* [Problem details]
Your answer must be the full listing below, restated word for word, with no pictures in it.

* [Recorded data]
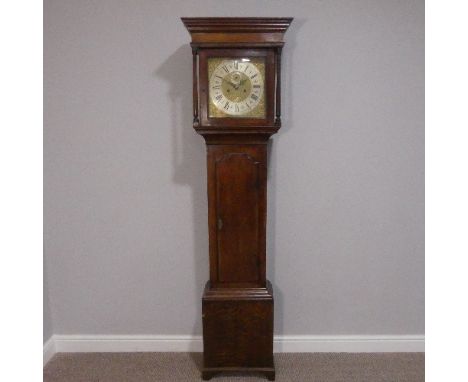 An oak eight-day Longcase Clock,&nbsp;Jos. Smallwood, Sandbach, the 12in square brass dial with silver chapter ring and spand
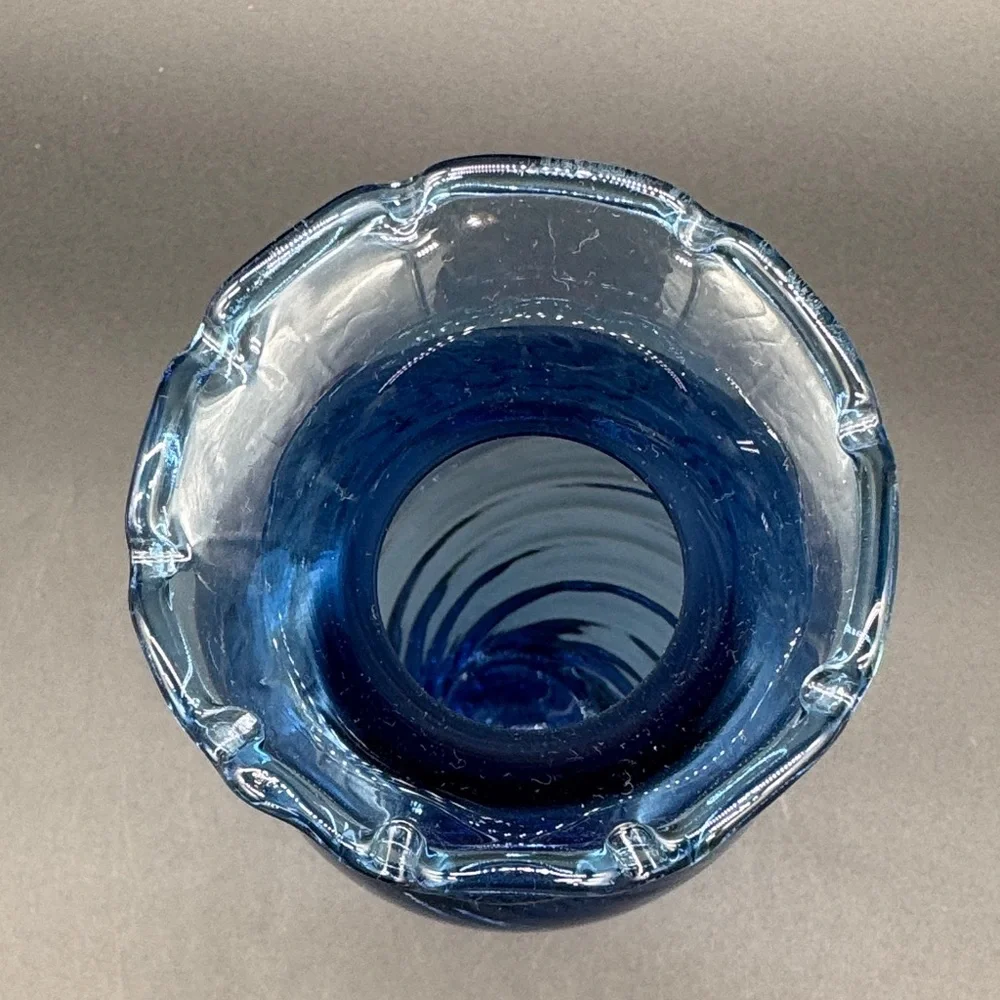 Scalloped Blue Swirl Twisted Art Glass Bud Vase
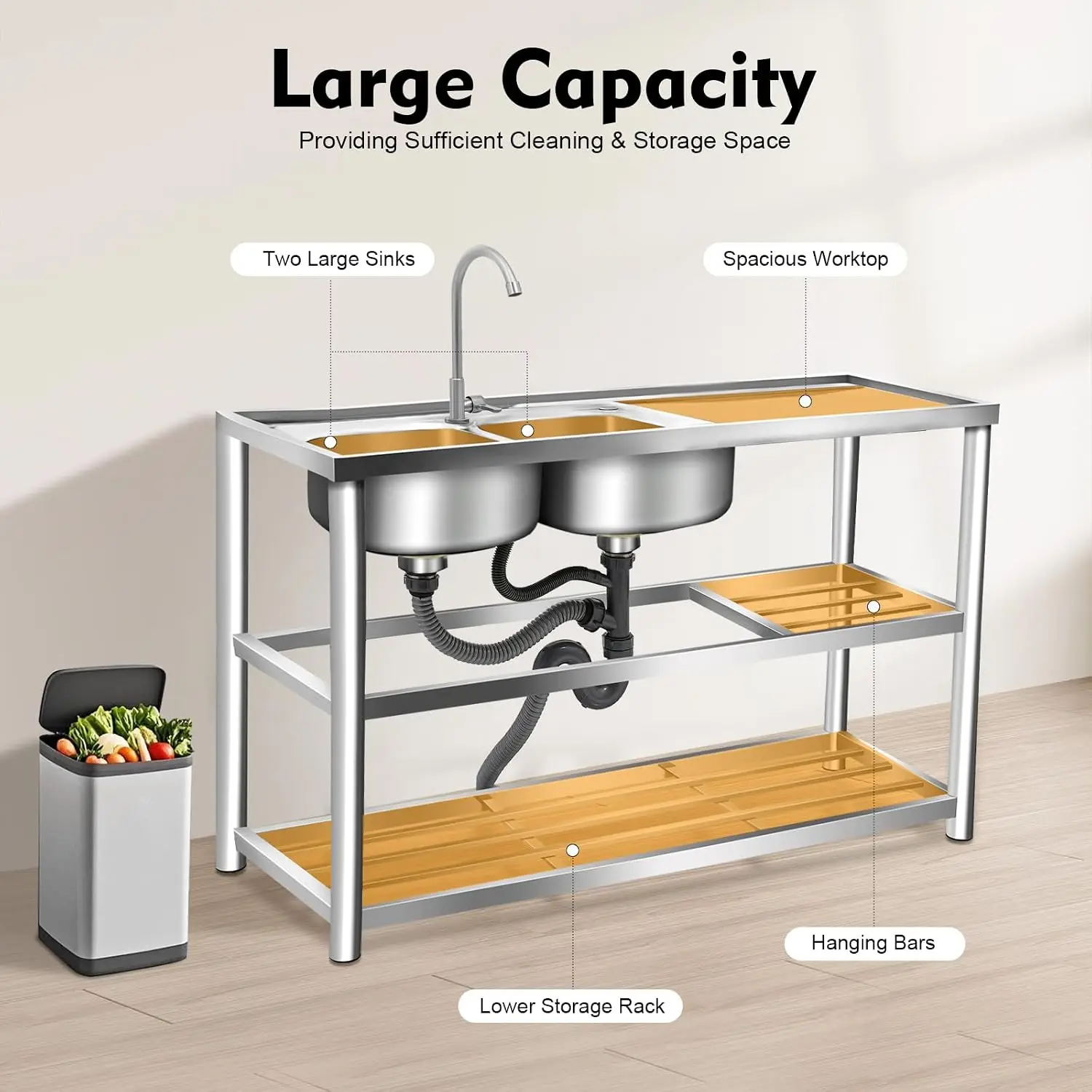 حوض تحضير قائم بذاته للمطبخ، ح - مراجعة Commercial Kitchen Worktops وسعره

* [Expected output]
 An oak eight-day Longcase Clock,&nbsp;Jos. Smallwood, Sandbach, the 12in square brass dial with silver chapter ring and spand
 Scalloped Blue Swirl Twisted Art Glass Bud Vase
 حوض تحضير قائم بذاته للمطبخ، ح - مراجعة Commercial Kitchen Worktops وسعره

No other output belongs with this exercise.